Meteorological history
- Formed: July 22, 2010
- Remnant low: July 24, 2010
- Dissipated: July 25, 2010

Tropical storm
- 1-minute sustained (SSHWS/NWS)
- Highest winds: 45 mph (75 km/h)
- Lowest pressure: 1005 mbar (hPa); 29.68 inHg

Overall effects
- Fatalities: 1 total
- Damage: $1.36 million (2010 USD)
- Areas affected: Puerto Rico, Hispaniola, Turks and Caicos, Bahamas, Florida
- IBTrACS
- Part of the 2010 Atlantic hurricane season

= Tropical Storm Bonnie (2010) =

Atlantic tropical storm in 2010

Tropical Storm Bonnie was a small and rather weak tropical storm that brought squally weather to the northern Caribbean Sea and Gulf Coast of the United States in July 2010. The third tropical cyclone and second named storm of the 2010 Atlantic hurricane season, Bonnie developed from a tropical wave over the Bahamas on July 22. It strengthened to a tropical storm while crossing the islands, and made landfall on the southeastern coast of Florida the following day. Inland, Bonnie weakened to a tropical depression before entering the Gulf of Mexico, where its surface circulation dissipated on July 24. The remnants of the storm moved ashore between Louisiana and Mississippi early on July 25, prompting severe thunderstorm and tornado warnings in the area.
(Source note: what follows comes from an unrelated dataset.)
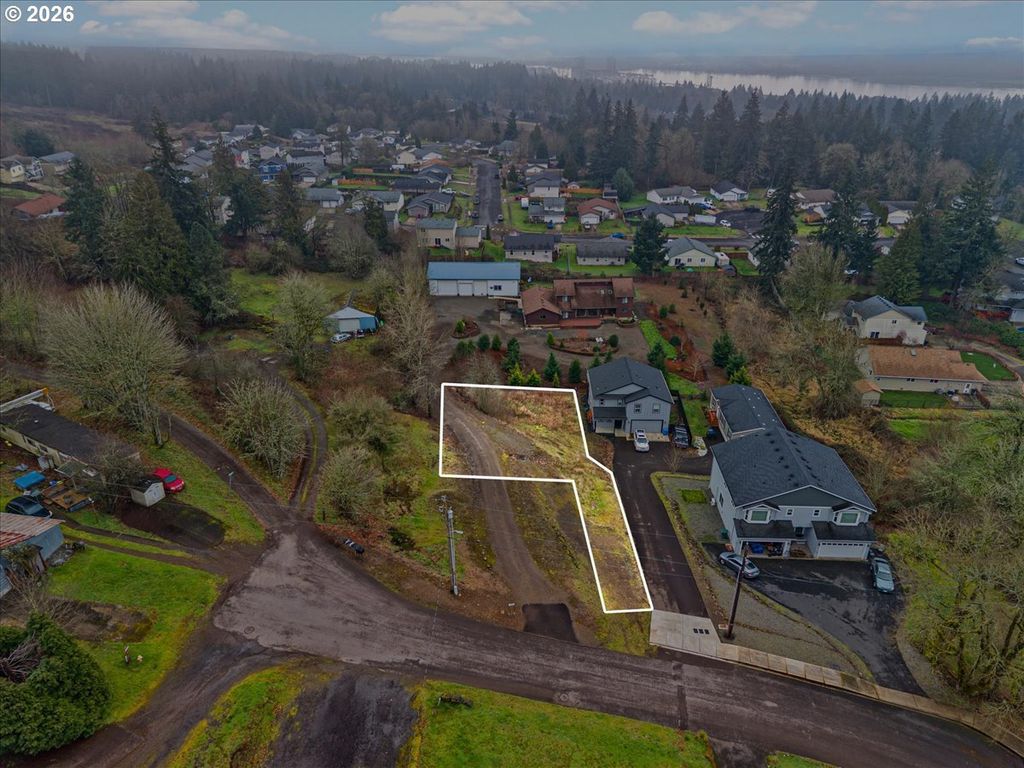 1173 Birch St, Kalama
The precursor to Bonnie produced considerable amounts of rainfall across the Greater Antilles, resulting in light to moderate flooding. In the Dominican Republic, hundreds of people were displaced, and several bridges collapsed over rushing waters. One person drowned after being swept away by a swollen river in Puerto Rico. Elsewhere, light amounts of rainfall was reported in Haiti, the Bahamas and Florida. Effects were more severe from the remnants of Bonnie, with heavier rain amounts and higher winds reported near the Gulf Coast, especially in Louisiana. Damage as a result of the storm and its remnants totaled $1.36 million (2010 USD).

==Meteorological history==

On July 10, a tropical wave exited the African coast and moved westward over the open Atlantic for several days. Initially, the associated weather activity was limited to weak showers, and environmental conditions were not forecast to become conducive for significant organization. Although upper-level wind shear remained somewhat adverse, a process of slow development became evident by July 19 as surface pressures began to fall. The wave proceeded along the extreme northeastern Caribbean, where convective activity waxed and waned due to periods of variable wind shear and brief land interaction with Hispaniola. By July 22, thundershower activity reestablished over the Bahamas, with a distinct area of low pressure centered between the islands of Acklins and Great Inagua. Satellite observations confirmed a closed circulation, leading the National Hurricane Center (NHC) to issue the formation of Tropical Depression Three around 1500 UTC. However, post-storm analysis indicated that a depression had developed nine hours earlier than operationally confirmed. Upon its formation, the depression was forecast to be steered to the west-northwest along a well-established subtropical ridge. Later that day, minimum pressure dropped to 1006 mbar (29.74 inHg), and satellite imagery showed an establishment of favorable outflow in nearly all quadrants. Although its cloud pattern remained disorganized—with the circulation center disassociated from the deepest convection—a reconnaissance aircraft flight into the cyclone found that the winds had increased. It was therefore upgraded to Tropical Storm Bonnie southeast of Nassau, Bahamas, about five hours after NHC initiated advisories on the system.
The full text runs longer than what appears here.